I'd really love to tell you all about my last few Zumba classes, or how I'm doing with the weight thing, or how my 18-year-old coworker called me fat.

I'd really love to.

But I'm too incredibly stuffed full of homemade BBQ pizza that hubby cooked on the grill and that I stuffed down my throat before rushing off to Zumba class before coming home and eating more of it and then mowing down a mint-chocolate-chip ice cream cone.

I feel so gross.

Be back tomorrow.

ps: Dear Blogger, thank you thank you thank you for your new autosave feature so dumbasses like me can stop worrying when we'll accidently browse away from the current page and lose our entire book post.
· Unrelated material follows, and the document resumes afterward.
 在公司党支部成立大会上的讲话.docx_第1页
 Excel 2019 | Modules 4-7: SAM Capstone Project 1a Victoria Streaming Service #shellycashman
I love you.

Tuesday, May 15, 2007

Hey, check it out! Here is an interview I did for weightlosstips.com. Neat! :)

This weekend it finally hit home that what I eat really has an effect on how I feel. I mean, of course I knew that intellectually, and after reading YOU on a Diet I could probably explain exactly what happens in your body that makes you feel good when you eat well and feel crappy when you eat crappy. But I didn't really believe it.

Or, I didn't want to believe it. Because then I'd have to turn down that last brownie. ;)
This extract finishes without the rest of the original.